Think of someone that you know well - a spouse, parent, a child, an employer, or a friend. Try to figure out the logic of this person's thinking by focusing on the eight elements of his or her thought. Humans in many circumstances and contexts act with a hidden agenda. As a consequence, human behavior is often other than it seems to be. After figuring out the logic of this person's thinking, try to assess the thinking that he or she does within each element.

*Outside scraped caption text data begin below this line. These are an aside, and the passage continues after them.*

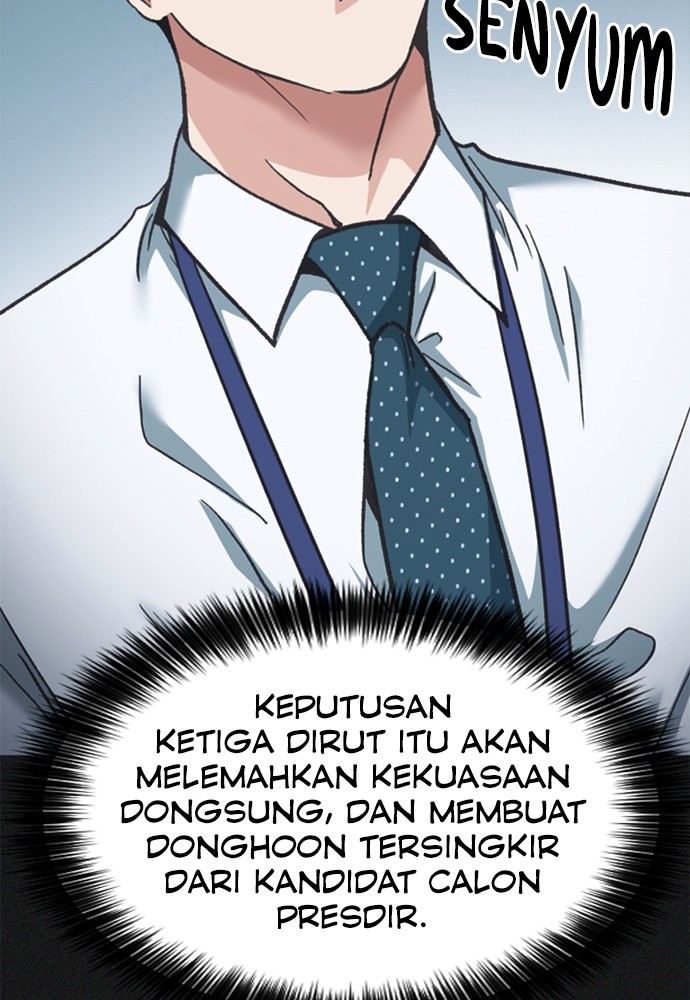 Halaman 190 dari 202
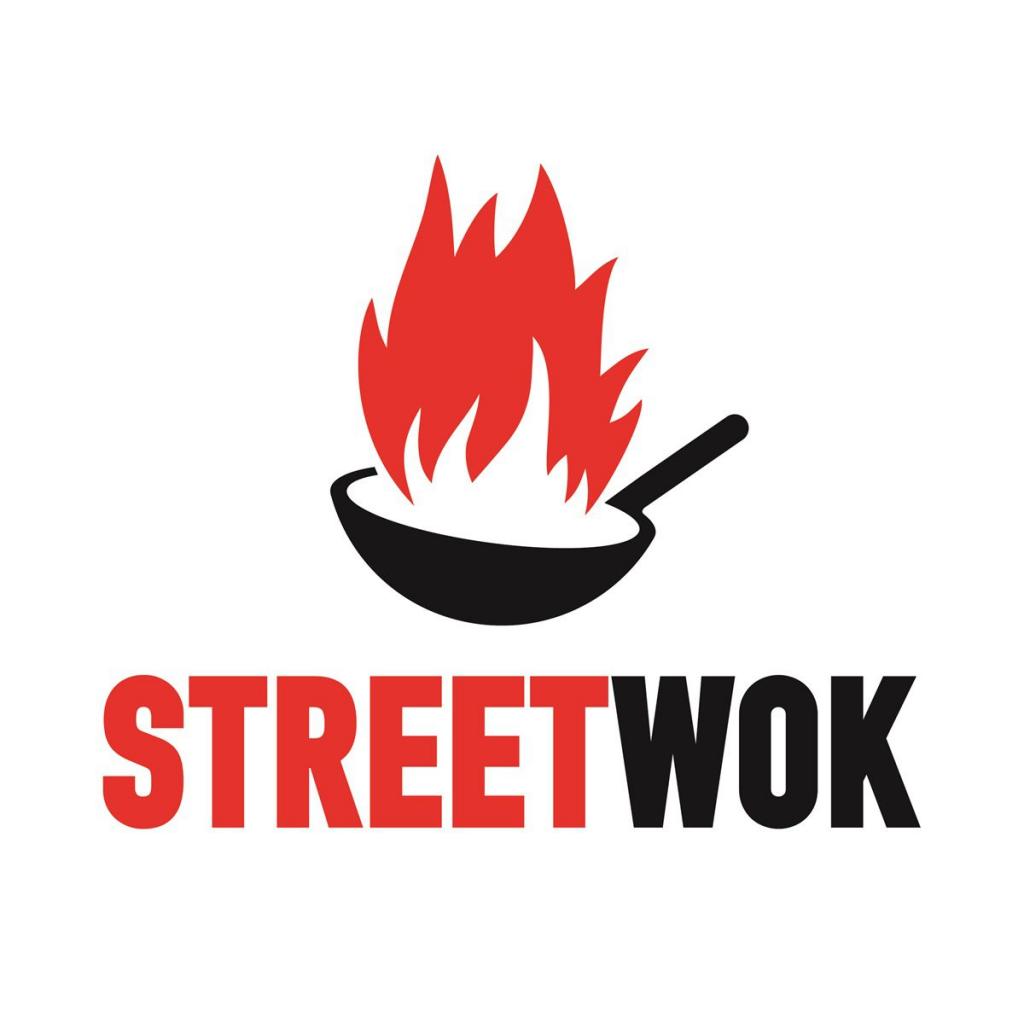 streetWok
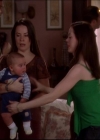 Charmed-Online-dot-713Charmageddon1290.jpg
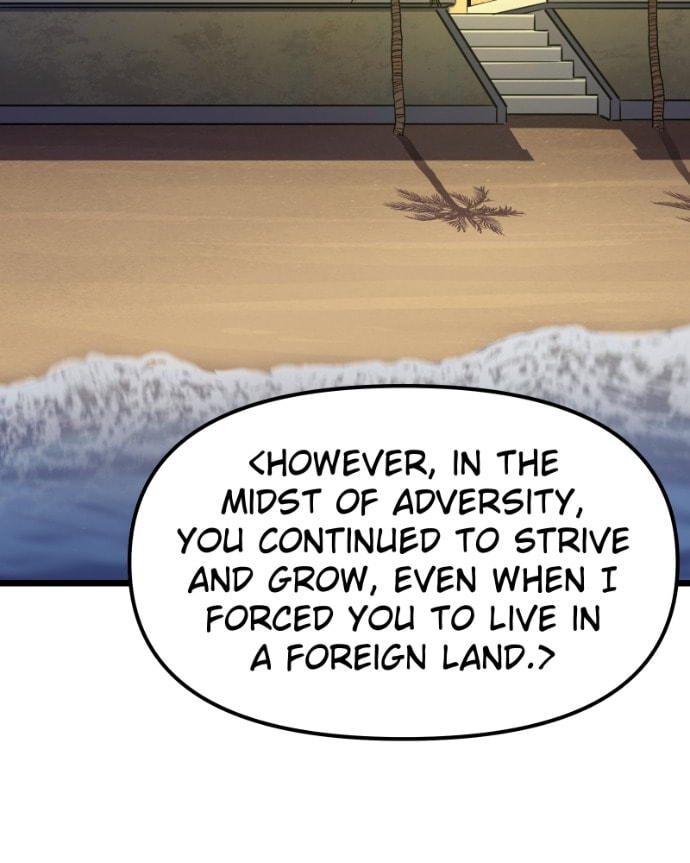 Read Cute Devil chapter 14 image 76 on Lezhin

Complete this template:

  1. The main purpose of this person is... I think this person is or is not justified in pursuing this purpose because...

  2. The main issue for this person, and its related question, is... I think this question is/is not worth pursuing because...

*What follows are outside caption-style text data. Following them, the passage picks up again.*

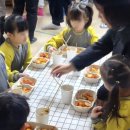 성실유치원 - 강북구 | 성실유치원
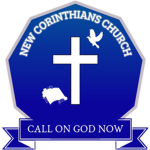 NCC [Jerry G Ministries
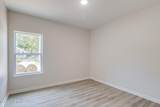 8713 Barnacle Boulevard - Photo 9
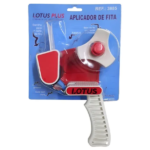 Aplicador De Fita Adesiva - Lotus
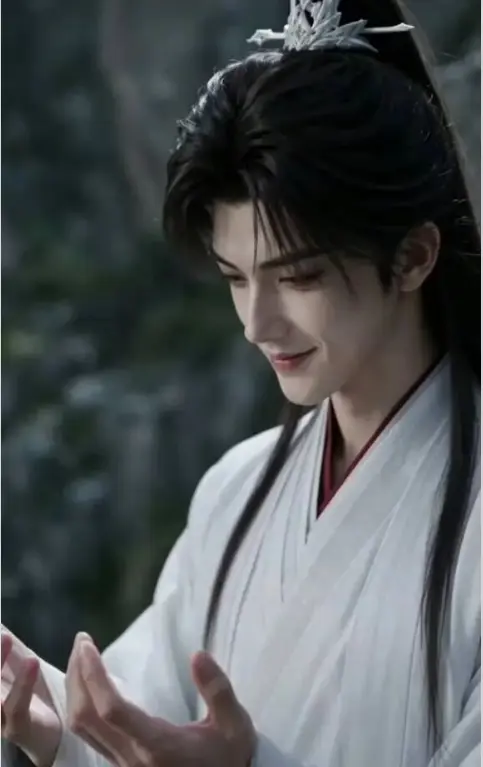 AI漫剧短剧《仙子攻略/琼明神女录》1-2集资源下载-无雾未删减完整版-免费手机在线观看全集高清资源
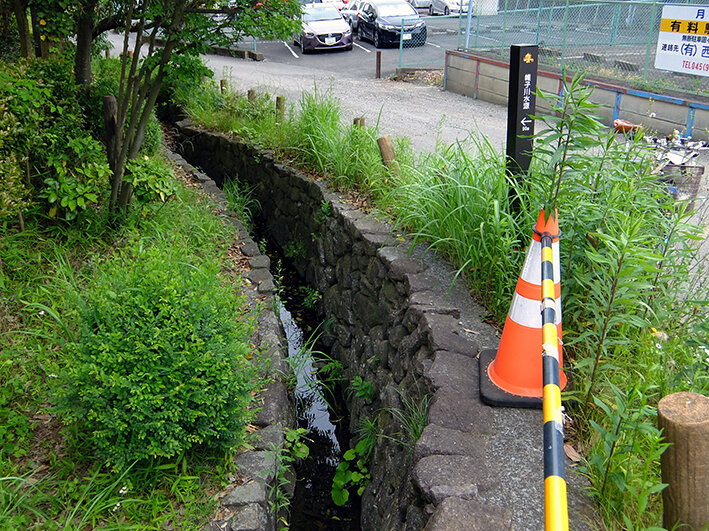 写真24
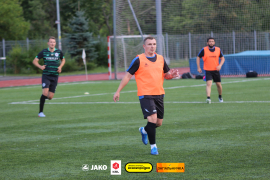 <a href="https://st.getinfootball.com/albums/1096327/6890aa6896e97_1920.jpg" target="_blank">Завантажити оригінал</a>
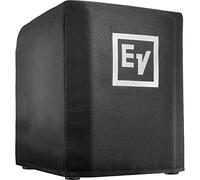 ELECTRO VOICE - ACCES. FUNDA SUBGRAVE EVOLVE30-639857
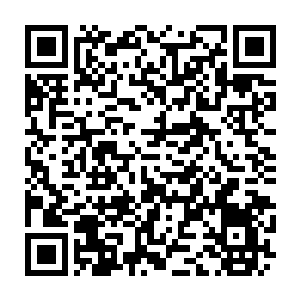 Lien vers votre campagne QRCode - Collecte de fonds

  3. The main information this person uses in pursuing his or her goals is... This information should/should not be used in this person's thinking because...

  4. The main assumptions this person uses in thinking are... These assumptions are/are not justifiable because...

  5. The main concepts this person uses in thinking are... These concepts are/are not being used justifiably because...

  6. The main conclusions this person comes to are... These conclusions are/are not logical because...

  7. The point of view of this person is... This person is/is not fully considering the relevant viewpoints of others because...

  8. The main implications of this person's thinking are... This person is/is not concerned about these implications because...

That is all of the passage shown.